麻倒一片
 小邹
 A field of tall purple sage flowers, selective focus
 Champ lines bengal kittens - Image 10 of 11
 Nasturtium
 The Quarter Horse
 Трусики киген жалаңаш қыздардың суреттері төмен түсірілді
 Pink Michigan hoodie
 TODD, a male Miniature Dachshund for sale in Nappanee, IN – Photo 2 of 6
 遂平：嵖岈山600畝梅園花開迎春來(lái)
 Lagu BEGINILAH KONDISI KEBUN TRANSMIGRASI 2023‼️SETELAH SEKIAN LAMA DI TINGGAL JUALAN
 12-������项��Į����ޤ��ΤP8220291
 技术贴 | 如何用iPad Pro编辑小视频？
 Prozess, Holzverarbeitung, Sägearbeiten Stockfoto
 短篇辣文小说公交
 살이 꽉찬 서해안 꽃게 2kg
◆ ◆ ◆ ◆ ◆
*REQUIREMENT:*
Exactly as written above, copy out all the records.

*RESPONSE BELOW:*
麻倒一片
 小邹
 A field of tall purple sage flowers, selective focus
 Champ lines bengal kittens - Image 10 of 11
 Nasturtium
 The Quarter Horse
 Трусики киген жалаңаш қыздардың суреттері төмен түсірілді
 Pink Michigan hoodie
 TODD, a male Miniature Dachshund for sale in Nappanee, IN – Photo 2 of 6
 遂平：嵖岈山600畝梅園花開迎春來(lái)
 Lagu BEGINILAH KONDISI KEBUN TRANSMIGRASI 2023‼️SETELAH SEKIAN LAMA DI TINGGAL JUALAN
 12-������项��Į����ޤ��ΤP8220291
 技术贴 | 如何用iPad Pro编辑小视频？
 Prozess, Holzverarbeitung, Sägearbeiten Stockfoto
 短篇辣文小说公交
 살이 꽉찬 서해안 꽃게 2kg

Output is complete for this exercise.